Start of Source information

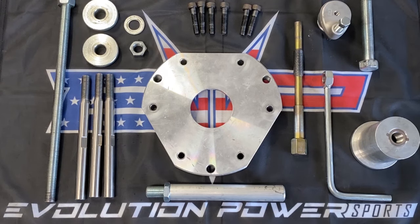The Evolution Power Sports Clutch Service Toolkit is a very well thought out kit with many features. Today we are going to show you those features while servicing a clutch.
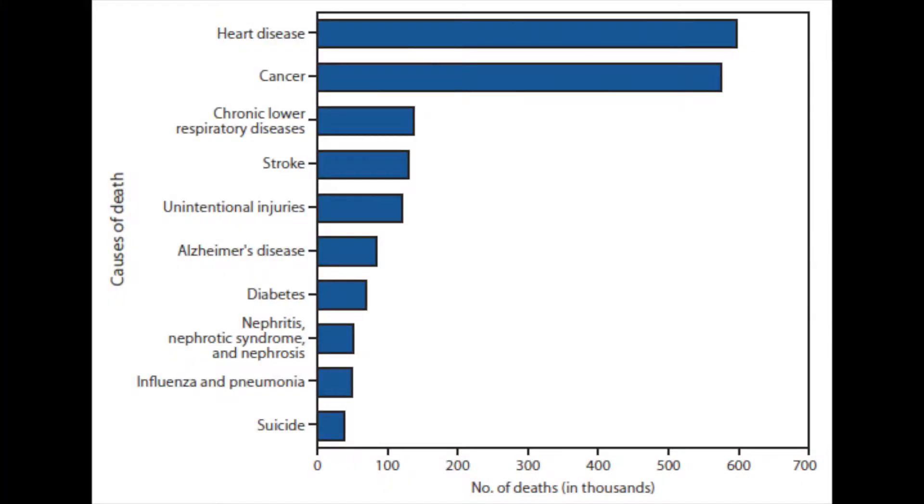This dessert is low in saturated fats and cholesterol, making it a great alternative for individuals with cardiovascular disease and other heart conditions to enjoy. Heart disease is the leading cause of death in America today.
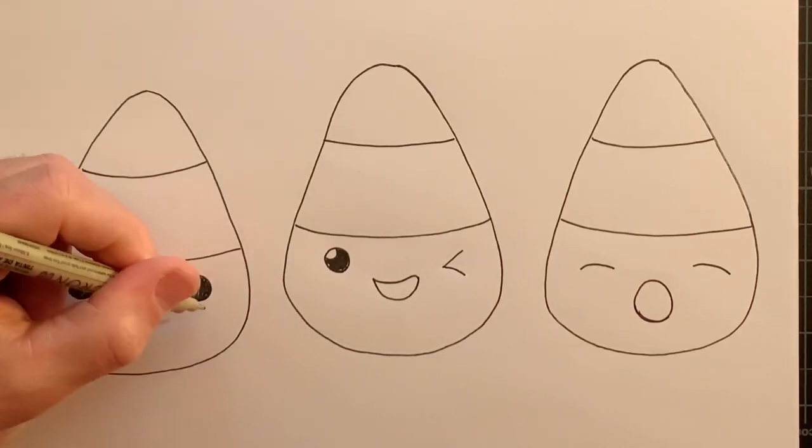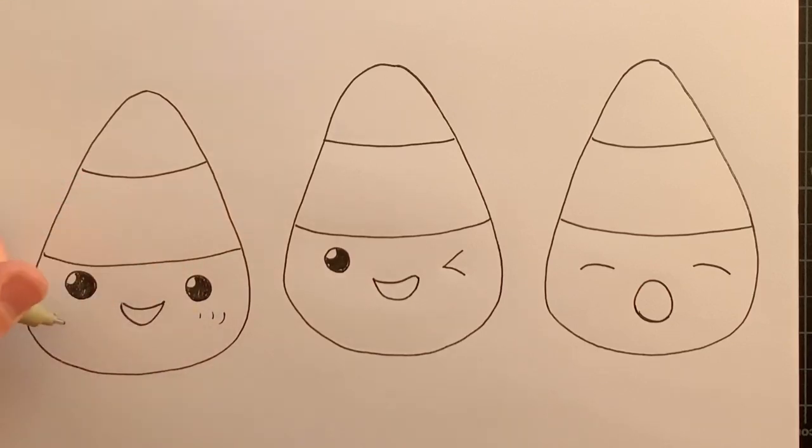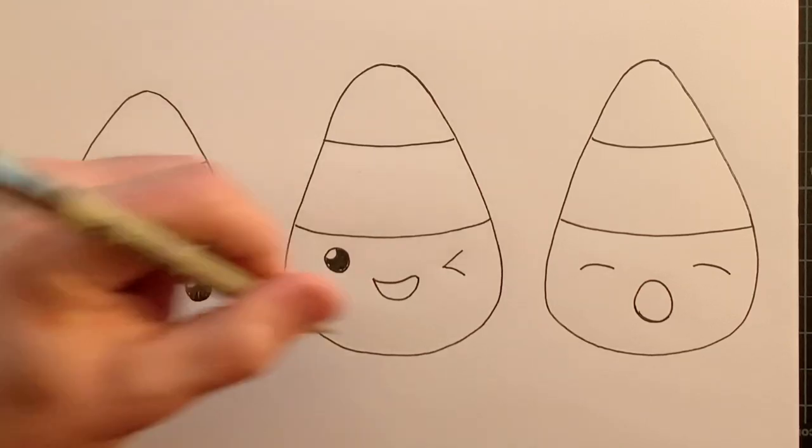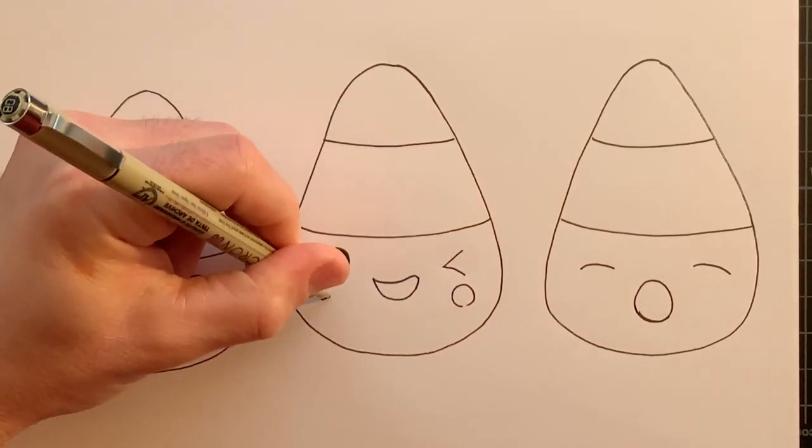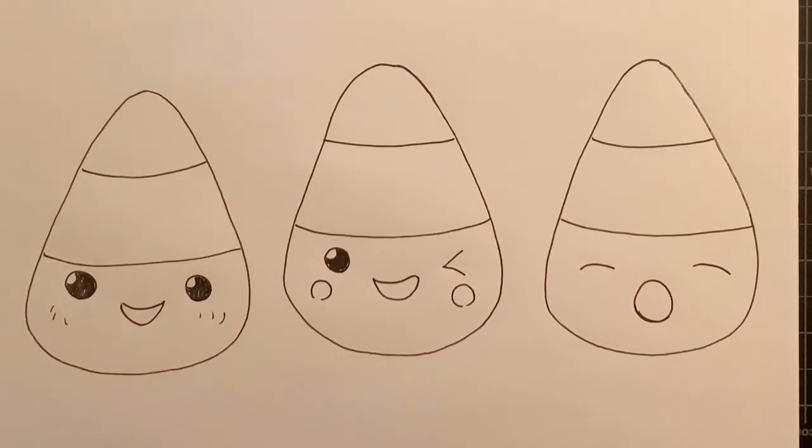I think I'm going to add some blushies too. So we'll do kind of lines along the outsides. You can add blushies like that, or you can add blushies as kind of circular shapes as well, and then come back and fill those in.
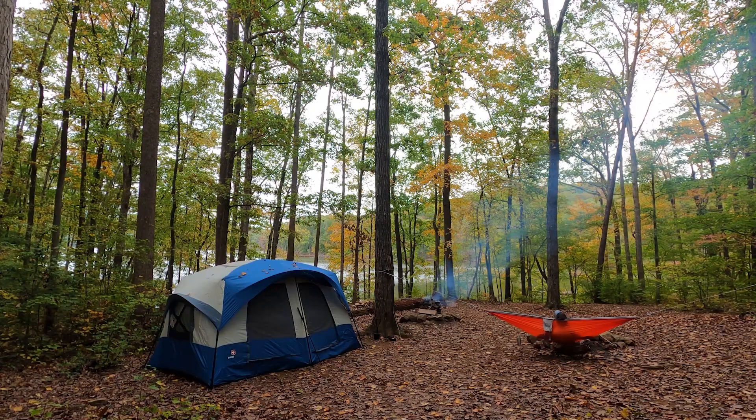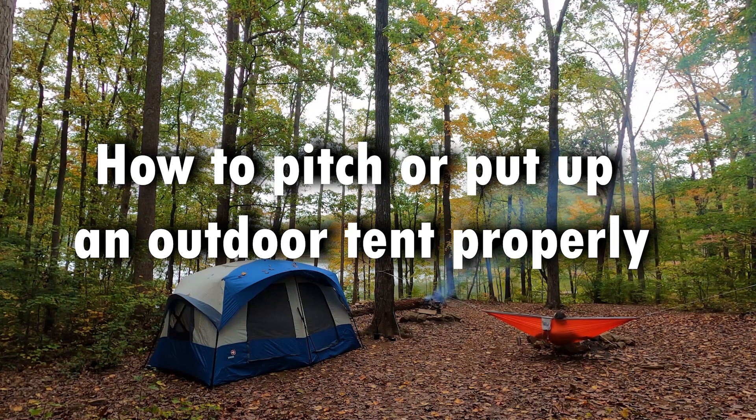Hello and welcome to my channel. For today's video, we are going to talk about how to pitch or put up an outdoor tent properly.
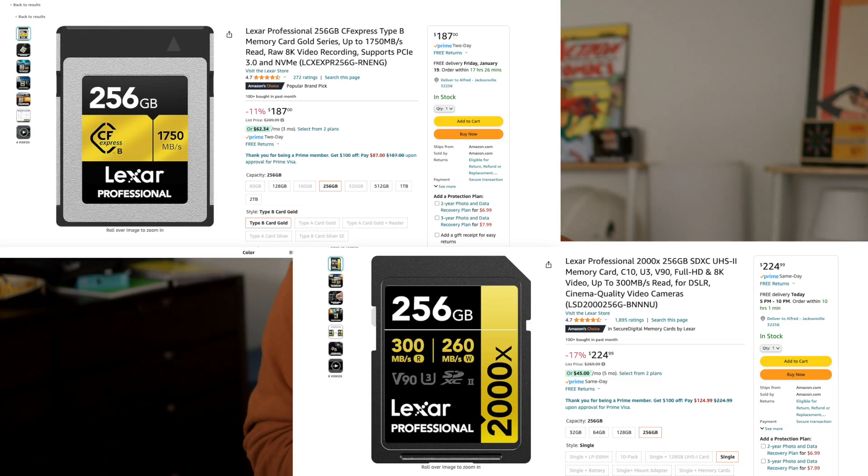For those that say SD cards are cheaper, that only applies to the V60 and V30 cards. If you grab a V90 card, those are sometimes more expensive.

End of Source information

- _Task statement_
Give all of the material again, exactly, apart from the pictures.

- _Response box_
The Evolution Power Sports Clutch Service Toolkit is a very well thought out kit with many features. Today we are going to show you those features while servicing a clutch.
This dessert is low in saturated fats and cholesterol, making it a great alternative for individuals with cardiovascular disease and other heart conditions to enjoy. Heart disease is the leading cause of death in America today.
I think I'm going to add some blushies too. So we'll do kind of lines along the outsides. You can add blushies like that, or you can add blushies as kind of circular shapes as well, and then come back and fill those in.
Hello and welcome to my channel. For today's video, we are going to talk about how to pitch or put up an outdoor tent properly.
For those that say SD cards are cheaper, that only applies to the V60 and V30 cards. If you grab a V90 card, those are sometimes more expensive.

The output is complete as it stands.